Sales Tip #1 Connect with the right side of the brain
Explain living in your community by telling stories, relevant ones that touch emotions. Modern brain research shows that story telling increases the flow of adrenaline to the brain and helps us store and recall. Images are stored in a different place in the brain than the words that describe the visual.

Sales Tip #2 – Relate to their lives in retirement
They want to know what your community offers, and balance those against the experiences they want in retirement. Ask the specific question, “What do you want to do in retirement?” For older adults, the “what” is usually significant and very individualized.

Show them how your retirement community can satisfy their needs, and how you can help them do that.

Sales Tip #3 – Be authentic and trustworthy
Show you care about them as a person. They want to be treated as individuals not as prospects. They want to be able to trust you. Be authentic in your discussions with them. They are “professional consumerologists” with a lifetime of buying experiences. In particular, your face is a clue to whether you believe what you’re saying. Treat all their questions with respect and answer them respectfully.
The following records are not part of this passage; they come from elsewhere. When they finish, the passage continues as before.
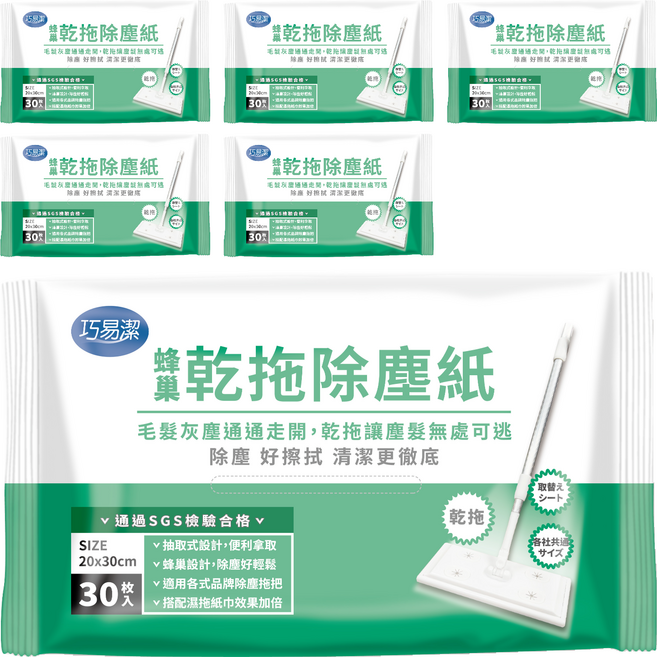 巧易潔 蜂巢乾拖除塵紙, 6包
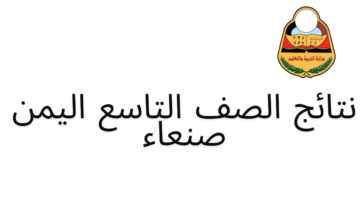 ” استعلم عن نتيجتك ” لينك فعال yemenexam com نتائج الصف التاسع في اليمن 2024 بالاسم صنعاء عبر موقع وزارة التربية اليمنية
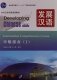 Developing Chinese. Intermediate Comprehensive Course I (+ Audio CD) фото книги маленькое 2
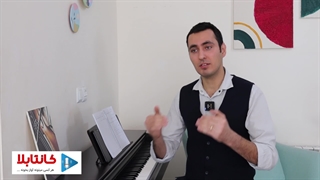 پیدا کردن رنگ صدا در خوانندگی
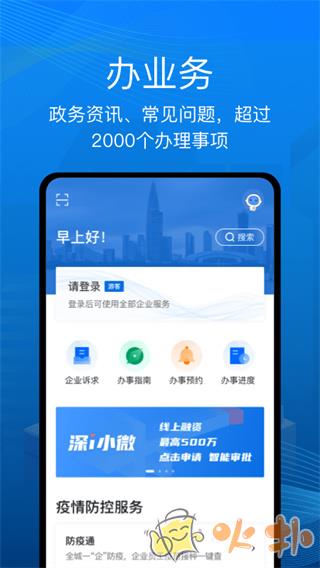 深i企 v1.0.53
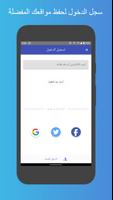 Kuwait Finder постер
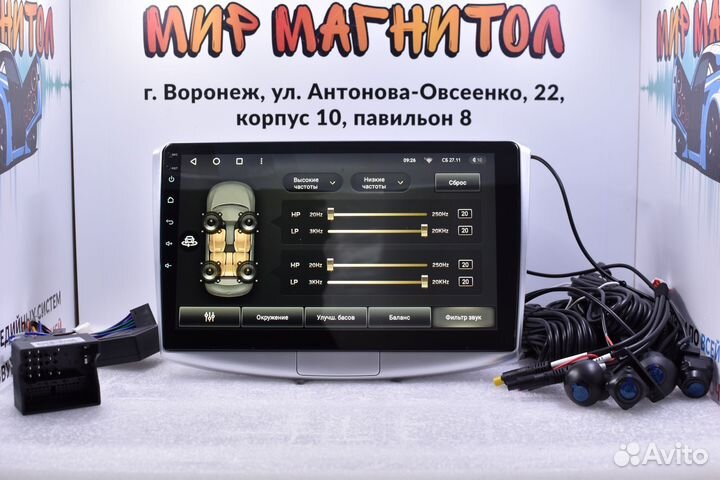 Магнитола Vw Passat B6 B7 Teyes CC3 камеры 360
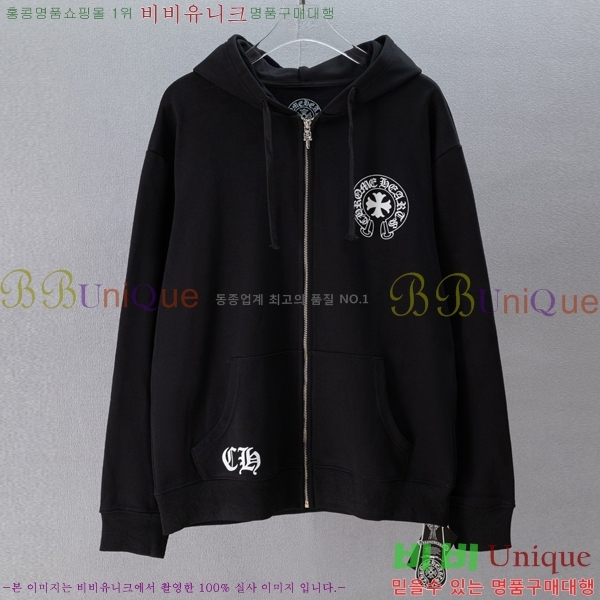 ���� ũ������ ���� ��Ŷ CH418367-2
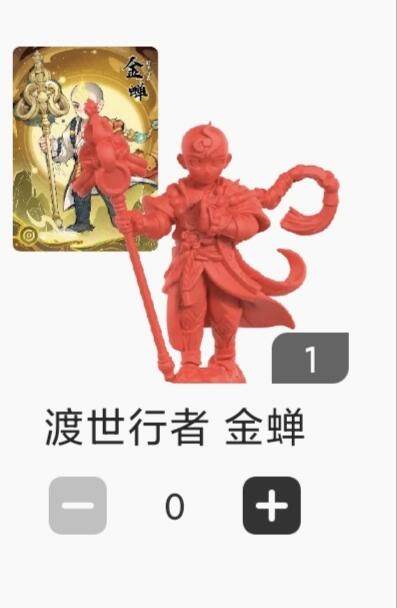 【随心含颖卡拍43期】卡游/集卡社/卡卡沃 抽卡机专场拍卖【无佣金】 - 卡游 王者荣耀金蝉。卡➕橡皮人一个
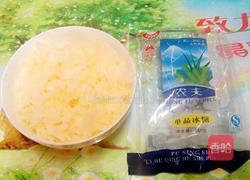 红豆银耳糖水的做法图解3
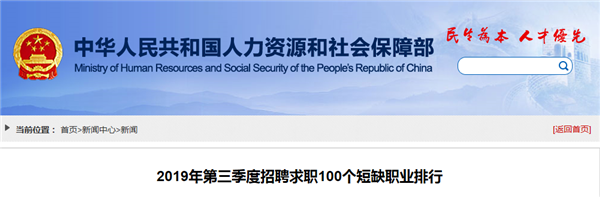 官方公布2019年100个短缺职业排名推荐，你从事这类行业了吗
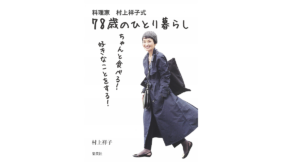 78歳のひとり暮らし　村上祥子 (著)　集英社 (2020/9/25)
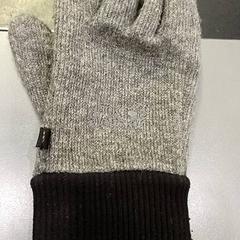 Rukavice grijs/zwart, ako bolo nahlásené Qbuzz GD Groningen HS pomocou iLost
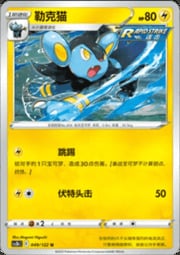 Luxio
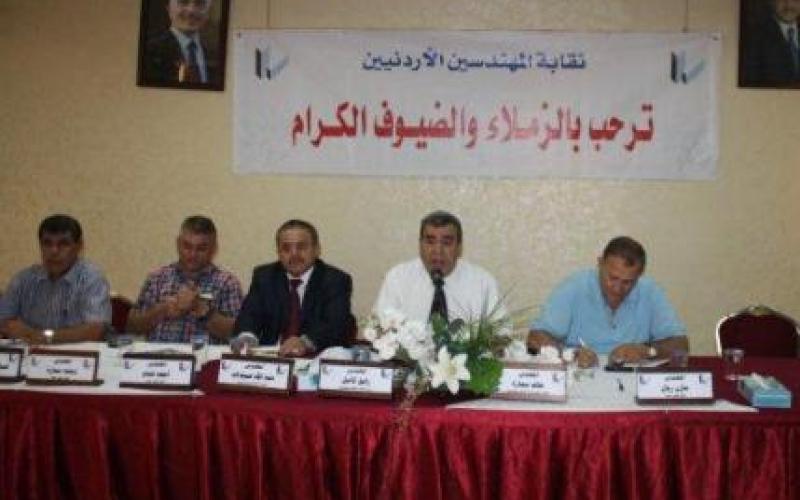 اقرار مشروع النظام الجديد للمكاتب والشركات الهندسية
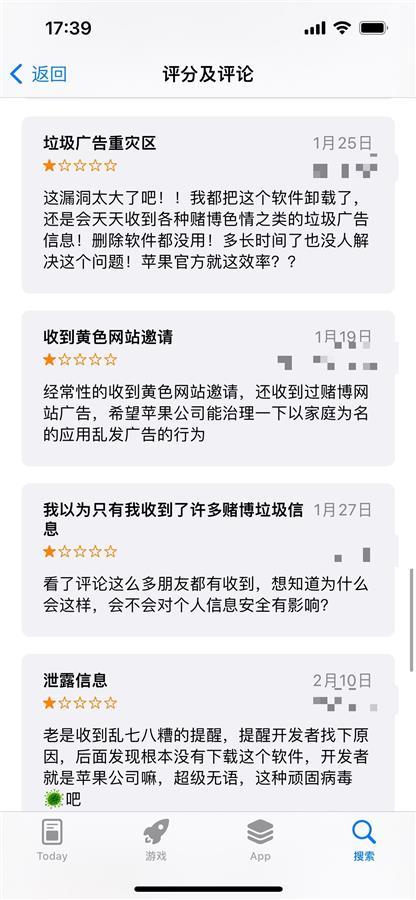 苹果用户频繁收到“赌博”邀请，拒收垃圾信息咋就这么难？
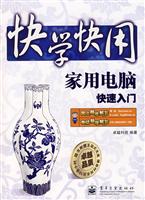 快学快用家用电脑快速入门(附光盘)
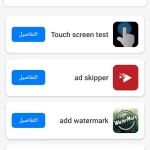 موقع موقع شروحات جاكل لتحميل أحدث البرامج والتطبيقات المعدلة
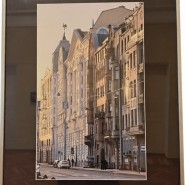 Выставка «Сила тишины: искусство здесь и сейчас» фотографии
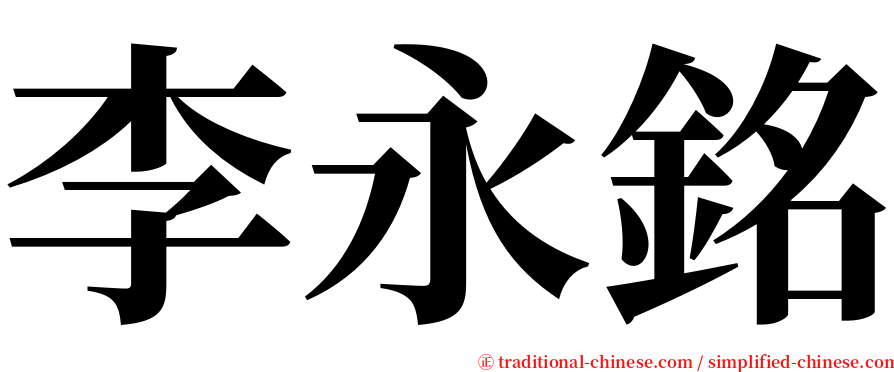 李永銘 serif font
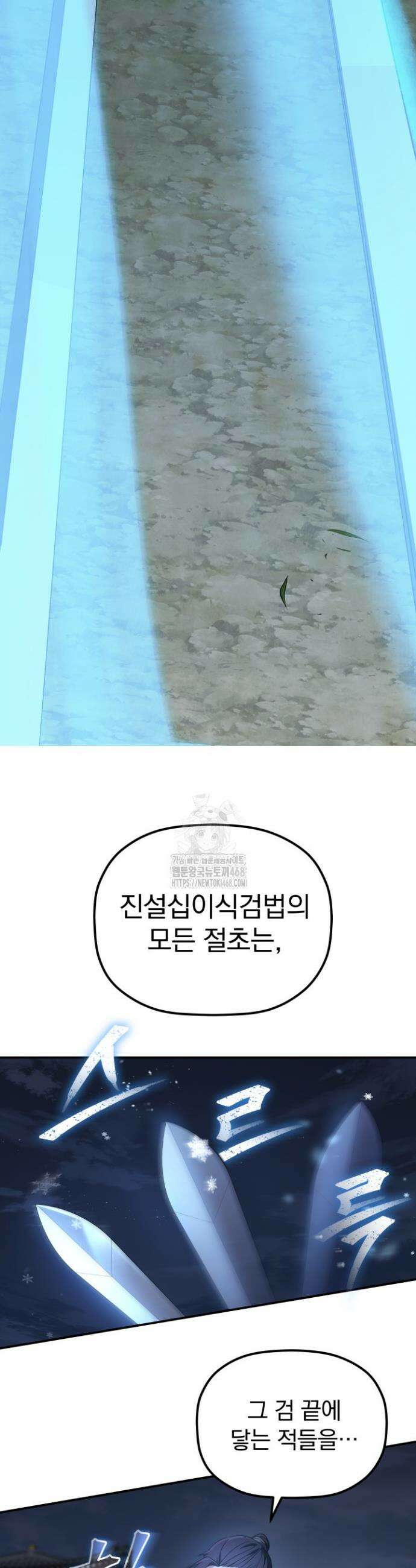 은해상단 막내아들 21화 40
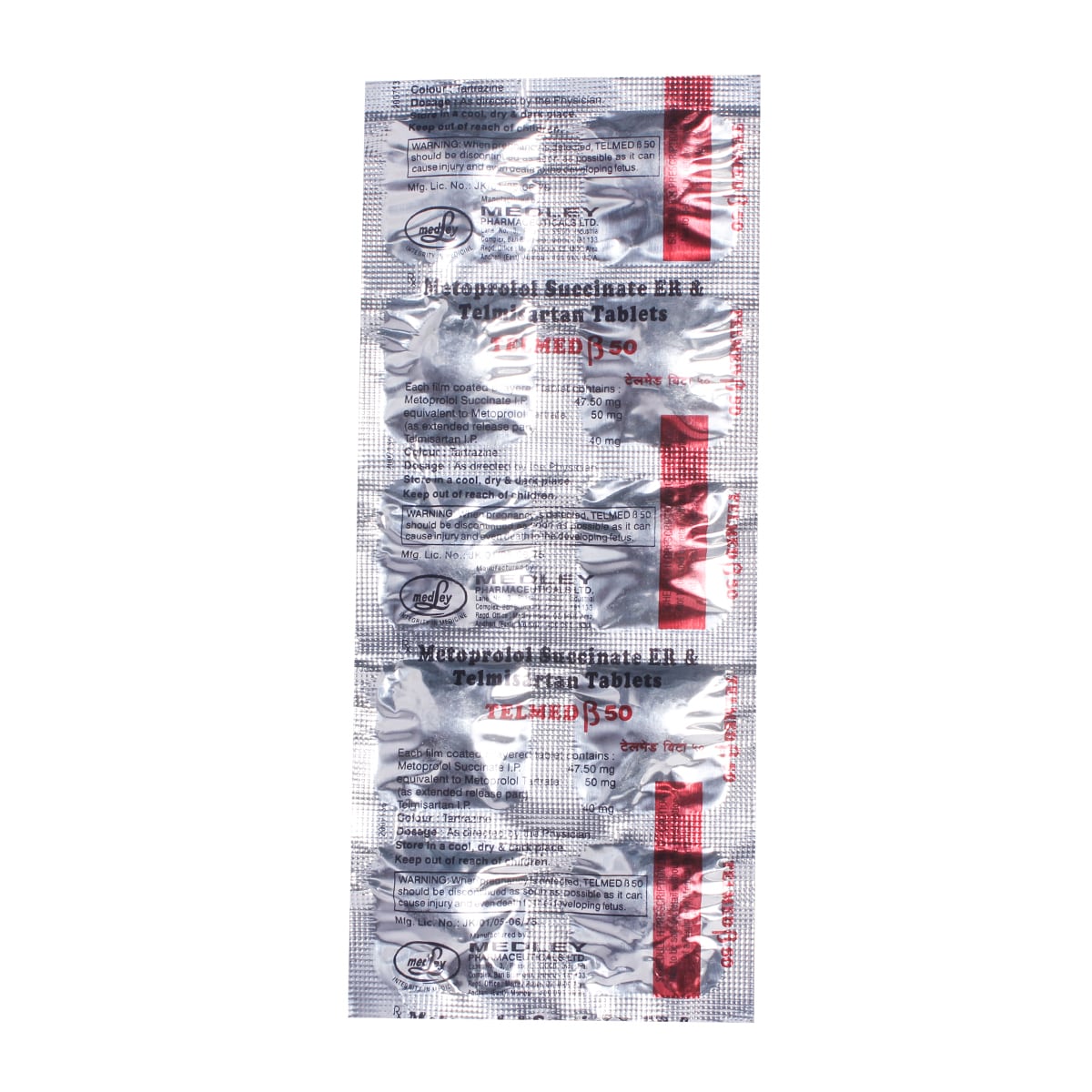 Telmed-B 50 mg Tablet 10's, Pack of 10 Telmed-B 50 mg Tablet 10's, Pack of 10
Sales Tip #4 – Connect by relating to their families, and yours
The family is a deep, emotional feeling that drives all behavior. Show them pictures of your own children and grandchildren. Talk about them. More than 80% of people over age 60 are grandparents. Focus on the emotional connection between older adults and their grandparents. Describe way in which living in your retirement community can enhance those family relationships.

Sales Tip #5 – Control the physical setting
Make them comfortable in your office. Offer them the most comfortable chairs. Keep a couch pillow in plain sight that they can use to make themselves more comfortable. Have several sets of reader glasses nearby for them to use if they forgot their own. Use a large barrel pen so it’s easy for them to write. Avoid bright lights or outside sunshine; they can distract older adults from what you are saying. With age, we tend to have a attention-deficit syndrome like many youngsters.

Sales Tip #6 – Don’t call them “senior citizens” or “Boomers”
Research shows that about half of people of age don’t like these terms. Don’t use labels. If you must, refer to them as, “people like yourself, whom I deal with.” Treat them as individuals.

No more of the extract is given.